En una rueda de prensa marcada por la exposición de documentos y testimonios jurídicos, el empresario y ex preso político Kamel Salame presentó ante la opinión pública «la verdad» sobre el proceso judicial y político que lo mantuvo privado de libertad durante más de una década. Acompañado por su equipo legal, especialistas en derechos humanos y representantes del sector empresarial, Salame detalló el calvario vivido desde su victoria electoral no reconocida en 2008 hasta su actual lucha por recuperar el patrimonio familiar que aún permanece confiscado de manera irregular.
El caso, que suma un total de 3.657 días de prisión y 120 meses sin juicio, comenzó tras la contienda por la alcaldía de San Felipe, donde Salame participó como candidato independiente. Según denunció, tras liderar las encuestas y resultados a boca de urna, su posición fue alterada arbitrariamente, dando inicio a una persecución que incluyó la «siembra» de expedientes por delitos de narcotráfico, acusaciones que años más tarde la propia Fiscalía General admitiría como un «error humano».
«Me tocó una lucha de diez años secuestrado sin juicio, separado de mi familia y viendo cómo echaban a mis hijas a la calle sin orden judicial», declaró Salame, quien enfatizó que durante su reclusión pasó por cinco centros penitenciarios y enfrentó 127 audiencias diferidas.
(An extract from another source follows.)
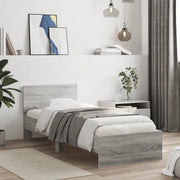 Giroletto con Testiera-Struttura Letto con testiera Grigio Sonoma 90x200cm Legno Multistrato 138601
El empresario destacó que su libertad plena, obtenida en diciembre de 2021, es un hecho inédito para un preso político en el país, lo que a su juicio ratifica su inocencia y solvencia moral frente a las campañas de desprestigio ejecutadas en su contra.
Pese a tener una boleta de libertad absoluta y una orden judicial de devolución de bienes, Salame denunció que instituciones como el Servicio de Bienes Recuperados y el SAREN mantienen bloqueadas sus propiedades. Entre los activos pendientes de entrega mencionó el edificio de la avenida Veroes en San Felipe, propiedades en el sector La Cuchilla y vehículos que han desaparecido de los inventarios oficiales. Ante esta situación, hizo un llamado directo a las autoridades nacionales y a organismos internacionales para que se garantice el cumplimiento de la sentencia y el cese de la violación de sus derechos civiles.
Finalmente, al ser consultado sobre sus aspiraciones políticas futuras, Salame aclaró que su prioridad actual es la justicia y la recuperación de su integridad empresarial, aunque no cerró la puerta a una candidatura si así lo solicita la ciudadanía. «Esta fortaleza personal me hace sentir otra vez aquello que comencé hace 17 años, pero por ahora mi objetivo es que la gente sepa la verdad y que se haga justicia», concluyó.